Mar 17, 2003  •  Post A Comment

The rich make me sick. I hate them. It seems fair to me to blame the rich for most of the messes, major and minor, the world is in right now. I’m talking about the rich people who dominate the federal government (alas, you virtually have to be rich to run for either house of Congress these days) and, of course, the rich people who own the media.
(On these grounds, and though it’s a tough call, I would tend to root for James Gandolfini of The Sopranos in his current contract dispute with HBO. He makes a much more sympathetic figure than AOL Time Warner does.)
Hating the rich would seem to be a healthy attitude for a citizen of an ostensibly egalitarian nation founded by a bunch of rag-tag have-nots who kicked some snooty fops’ butts.
But here in new-millennium 21st-century wealth-worshiping America, resentment against the rich doesn’t seem common at all. Instead, people of meager means and poor prospects get some weird masochistic kick out of pressing their noses against windows of rich people’s glass houses and peering in-something they can do vicariously by pressing their noses against the glass wall of the television screen.

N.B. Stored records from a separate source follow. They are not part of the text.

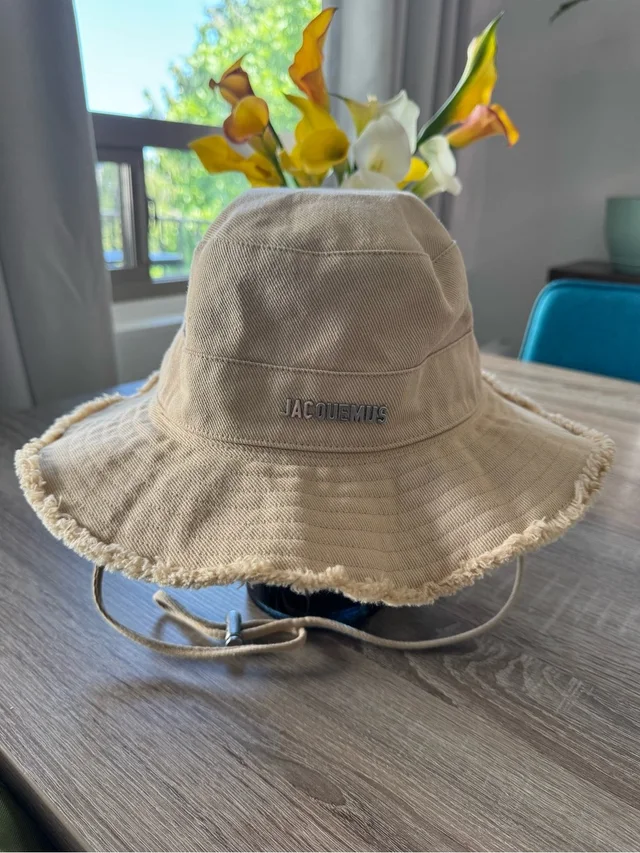 Jacquemus Beige Frayed-Brim Bucket Hat With Chin Strap - Size 58 in brown|neutral from Poshmark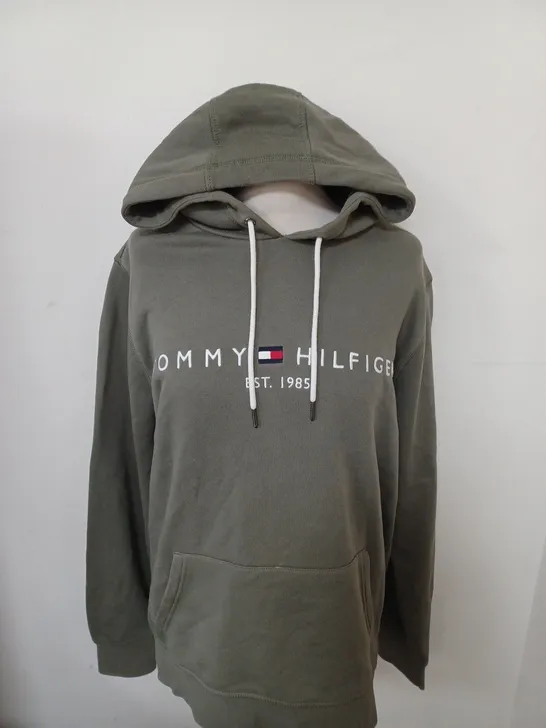 TOMMY HILFIGER LOGO SLOGAN HOODIE SIZE M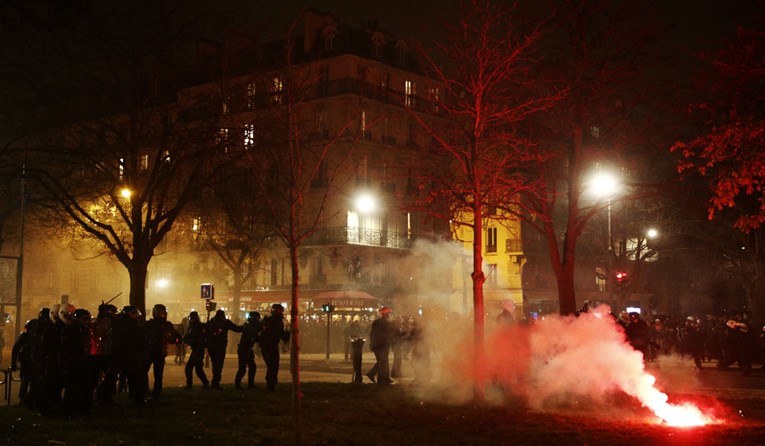 Vozači kamiona blokirali ceste po cijeloj Francuskoj, sukob s policijom u Parizu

No matter how many studies and statistics show the gap between rich and poor in America getting wider, viewers still flock to shows like Entertainment Tonight and its half-brother Access Hollywood to gape at frivolous half-wits who’ll spend thousands of dollars for an “outfit” and the jewelry to go with it. Younger viewers, who by nature ought to be resentful of the establishment and its wealth, tune in MTV programs that show in sickening detail the luxuries accrued by assorted punks, toughs, thugs and sluts, most of whom are anything but shy about displaying their loot.
People magazine, always in the forefront of stargapers, recently published its annual Who-Makes-What issue. Oprah Winfrey is now worth a billion bucks, People says. But hey, she’s a big-time “humanitarian” and she reportedly gives lots of it away. She puts a lot back into the community too-her community being the Chicago Gold Coast, where her gazillion-dollar condo is. Actually, we shouldn’t pick on Oprah since she does seem to remember coming up from poverty and apparently makes an honest effort to share the wealth.
Jerry Seinfeld’s fortune now totals around $500 million, People says. Kelsey Grammer gets $1.6 million for each new episode of Frasier, a role he could now play in his sleep and sometimes appears to be. Ray Romano got a raise to $800,000 per episode of Everybody Loves Raymond this season and the producers, says People, made the raise retroactive to two seasons back. Good Lord, good grief, good gravy.
Does anybody really love Raymond that much?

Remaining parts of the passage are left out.